Наиболее яркую репрезентацию после Гераклита логософия переживает вновь в постклассическую эпоху античной философии — а именно в философских учениях Древней и Средней Стой, где понятие «Логос» занимает центральное место в физике (космогонической части). Это бог-демиург, поддерживающий Вселенную своим участием и вмешательством, и вместе с тем пантеистически растворенный в вещах физического мира: «...Бог, ум, судьба и Зевс — одно и то же, и у него есть еще много имен. Существуя в начале сам по себе, он всю сущность обращает через воздух в воду; и как в поросли содержится семя, так и бог, сеятельный разум мира пребывает таковым во влажности, приспособляя к себе вещество для следующего становления; а затем он порождает четыре основы: огонь, воду, воздух и землю» (Диоген Лаэртский, VIII 1). Вместе с тем Логос-Бог имеет телесную природу: это наиболее чистый огонь, т.е. один из четырех материальных элементов всякой античной физики. Сгущаясь, божественный огонь превращается в более твердые элементы, которые, смешиваясь друг с другом, структурируются во множественность конкретных вещей, а по проистечении космического цикла весь космос вновь погибает в обогневении («экпюросис»). При этом в учении стоиков о Логосе проявилась еще одна характерная особенность, почерпнутая из более ранних идей Анаксагора — идея «семенной» структуры Логоса, т.е. мысль о том, что телесный Логос содержит в себе «семена» всех вещей.
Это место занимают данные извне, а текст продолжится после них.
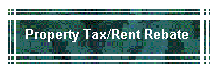 Property Tax/Rent Rebate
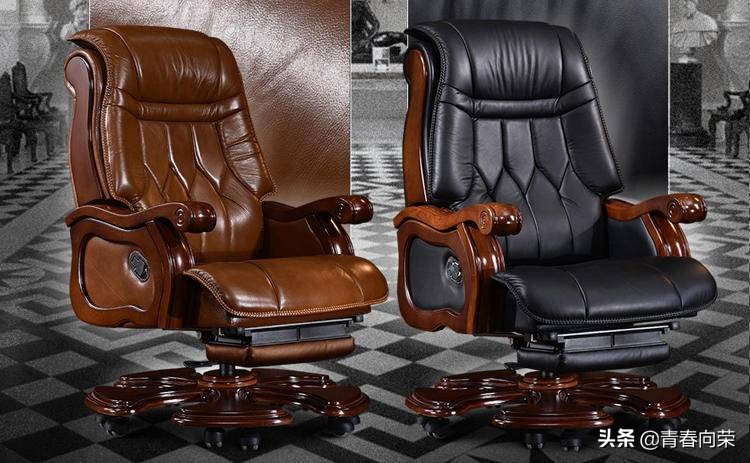 电脑椅子怎么选30元,电脑椅哪款好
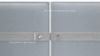 Immagine di Pannelli freestanding modulari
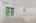 Blurred preview of media: 37 Dogwood Road Littleton Massachusetts Job 39694 0024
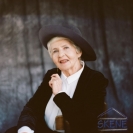 Anna Maria  Sitarska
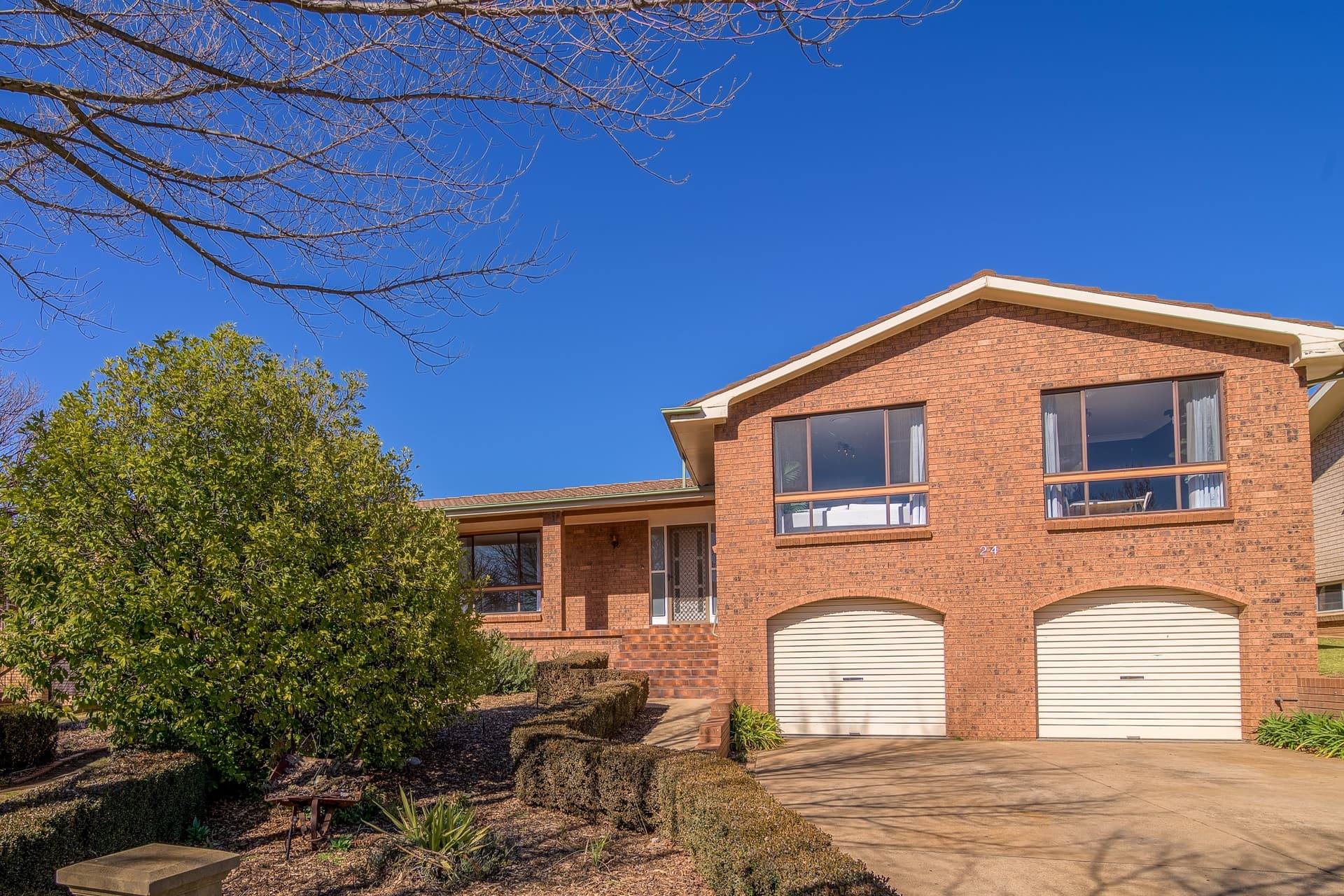 24 Yarawini Drive, Orange, Orange - Thumbnail 2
Стоический Логос обладает и реальным умопостигаемым бытием, он — есть мировой разум (данное учение также восходит к традиции Анаксагора, отчасти Платона, Аристотеля), который по тому и устраивает космос наилучшим образом и провидит его существование, поскольку мыслительная деятельность для всякого античного мыслителя — есть наилучшее во всем бытии. Думается, что участие стоической концепции Логоса в формировании христианской несомненно, именно телесность является главным основанием для догматов о вочеловечении Слова, и боговоплощении человека. Отсюда и стоическая этика видела идеал философского существования в поиске соответствия индивидуального сознания мудреца (философа) и провиденциальной деятельности мирового Разума, и достижении идеала бесстрастия, а стоическая логика должна была обеспечить нахождение этого соответствия.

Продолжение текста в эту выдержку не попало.